Back in Ranger Land, there's a big ceremony to make Delenn the new Ranger One, but Marcus doesn't show up because he's busy getting his butt handed to him by Neroon. I was 100% convinced that Marcus Sue was going to win the fight, because that's how this show tends to go, but imagine my delight when Neroon beats him senseless! It was awesome. Neroon was already a favorite character, and now he's risen a notch or two in the ranks. I even dared to hope that he'd straight up killed Marcus by beating him to death with a steel bar, but alas. I admit I was surprised, though, that he backed down from his claim and decided to let Delenn have the Rangers. I was initially furious at this, because I saw it as a moral victory for Marcus, but once my red haze cleared from my eyes I saw that it is even more of a moral turning point for Neroon. We've always seen him as a villain, and in this season with the Warrior Caste getting way too big for their britches he seems even more like a bad guy, but wow: he just gave a politial opponent a massive resource because he knows they will be more effective in her hands than his. He recognizes that their purpose, should they ever decide to start filling it, is to protect and save the entire galaxy, and unlike all the dopes on Earth Neroon knows that this purpose is more important than his own petty ambitions. He may be an antagonist, but he's a good guy, and by listening to the one good idea Marcus ever had he's proven to be far less prideful than I am, too. Plus he got to beat Marcus unconscious with a pipe! Guys, I want to be Neroon.

The part I don't understand about the ending is that Delenn and Sheridan both treat this as "there was an assault on Marcus," despite the fact that they are also apparently fully aware of the fact that Marcus went after Neroon and challenged him to a fight to the death.

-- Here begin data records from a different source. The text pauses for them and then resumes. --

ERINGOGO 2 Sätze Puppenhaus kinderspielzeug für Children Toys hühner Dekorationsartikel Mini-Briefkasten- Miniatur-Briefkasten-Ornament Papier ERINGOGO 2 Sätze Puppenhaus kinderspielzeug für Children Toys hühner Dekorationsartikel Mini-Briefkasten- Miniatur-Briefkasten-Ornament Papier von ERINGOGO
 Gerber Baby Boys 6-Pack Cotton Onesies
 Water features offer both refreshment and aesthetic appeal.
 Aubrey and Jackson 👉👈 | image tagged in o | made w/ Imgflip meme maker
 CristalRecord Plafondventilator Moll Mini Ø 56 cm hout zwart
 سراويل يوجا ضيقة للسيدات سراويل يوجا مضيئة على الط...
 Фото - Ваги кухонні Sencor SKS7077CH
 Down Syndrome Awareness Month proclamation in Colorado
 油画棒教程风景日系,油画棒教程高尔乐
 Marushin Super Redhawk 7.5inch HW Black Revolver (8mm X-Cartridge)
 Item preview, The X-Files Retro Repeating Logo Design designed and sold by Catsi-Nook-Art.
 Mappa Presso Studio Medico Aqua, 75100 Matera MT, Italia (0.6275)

When Neroon shows up in medbay to intone some solemn words at Marcus's coma, Delenn snaps at him: "come to finish what you started?" And for some reason neither Neroon nor Lennier nor the semi-conscious Marcus says "Neroon was defending himself from an armed assailant." Self defense is still self defense, even when you don't like the guy defending himself.

And honestly, you know what I think bothers me the most about this episode? That fight with Neroon should have belonged to Lennier. He's the one devoted heart and soul to Delenn; he's the one with both the warrior and philosopher background to meet Neroon on his own level and change his mind on a higher one. He's the one who's spent three seasons building toward a moment when he could go toe to toe with someone threatening Delenn, and give his life to keep her safe. This would have SO MUCH MORE drama and power if Lennier had been able to do it. Even if you like Marcus, you can't deny this would have been better with Lennier. I'm genuinely kind of furious.

The episode ends with Garibaldi coming into Sheridan's office and giving an even more mocking version of his plotline than I've given in this review, and I didn't think that was possible. So apparently everyone on the show knew that this was every bit as dumb as it turned out to be, and they made us watch it anyway. Pro tip: if the conclusion of your story is "ha! That was so dumb" maybe just write a different story.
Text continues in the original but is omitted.